Tumors are not foreign invaders. They arise from the same material used by the body to construct its own tissues. Tumors use the same components--human cells--to form the jumbled masses that disrupt biological order and function and, if left unchecked, to bring the whole complex, life-sustaining edifice that is the human body crashing down.
How are human tissues put together from single cells? The description above might suggest the involvement of master builders who oversee crews of workers, directing them in the detailed construction of normal and malignant tissues. In reality, there are no overseers forcing throngs of cells to line up and assemble themselves into normal or cancerous tissues. Architectural complexity in living tissue comes from the bricks themselves, the individual cells. Control is exercised from the bottom up.
Normal and malignant cells know how to build. Each carries its own agenda that tells it when it should grow and divide and how it should aggregate with other cells to create organs and tissues. Our bodies are nothing more than highly complex societies of rather autonomous cells, each retaining many of the attributes of a fully independent organism.

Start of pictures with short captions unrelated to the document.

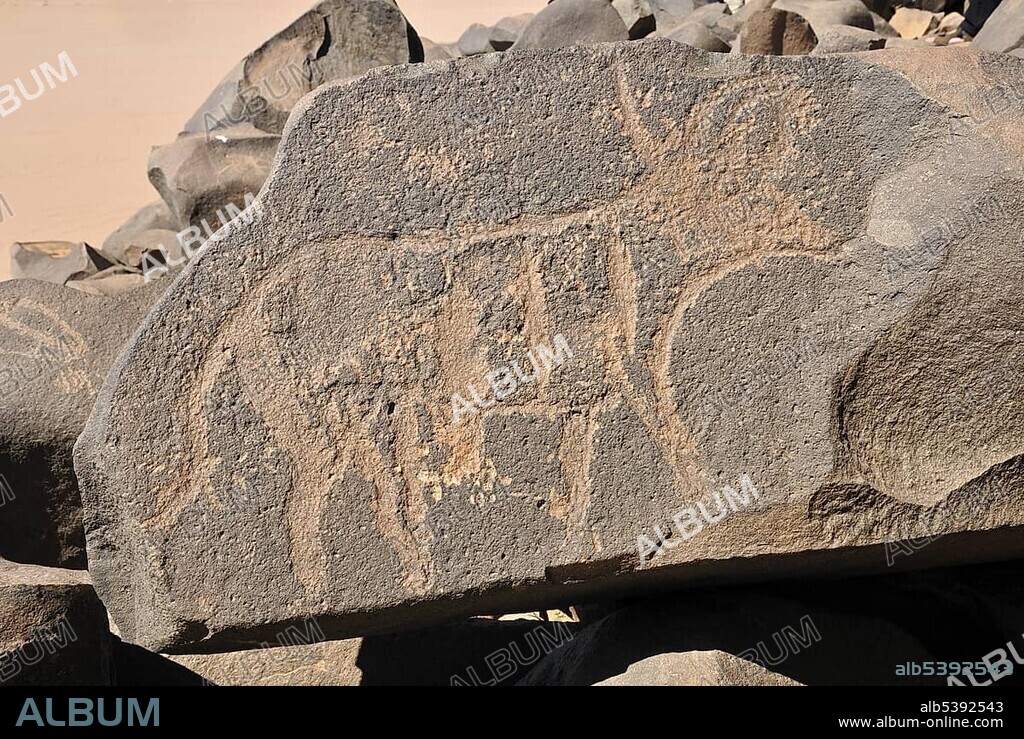Neolithic rock art, bull engraving, of the Tadrart, Tassili n'Ajjer National Park, Unesco World Heritage Site, Algeria, Sahara, North Africa, Africa.
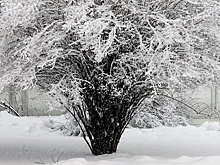 Оренбургский коммунальщик на тракторе спас снеговика и стал звездой интернета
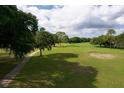 Scenic golf course view with lush green grass, mature trees, and blue skies with fluffy clouds at 8926 Sw 192Nd Court Rd, Dunnellon, FL 34432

Right there, we confront great beauty and profound danger. The beauty lies in the coordinated behavior of so many cells to create the single, highly functional cooperative that is the human body. The danger lies in the absence of a single overseeing master builder, which seems to put the whole enterprise at great risk. Granting autonomy to trillions of worker cells invites chaos. When, as usually happens, these cells are well behaved and public-spirited, extraordinarily complex order ensues. But on occasion, a cell may choose to go its own way and invent its own novel version of a tissue or organ. It is then that we see the much-feared chaos that we call cancer.
Most human tumors comprise a billion or more cells before we become aware of them. The cells within a tumor differ from their normal counterparts in many respects, exhibiting distinctive shapes, growth properties, and metabolism. The sudden appearance of such a horde of cells would seem to reflect some recent mass conversion, in which millions of normal cells enlisted overnight in the ranks of a tumor mass.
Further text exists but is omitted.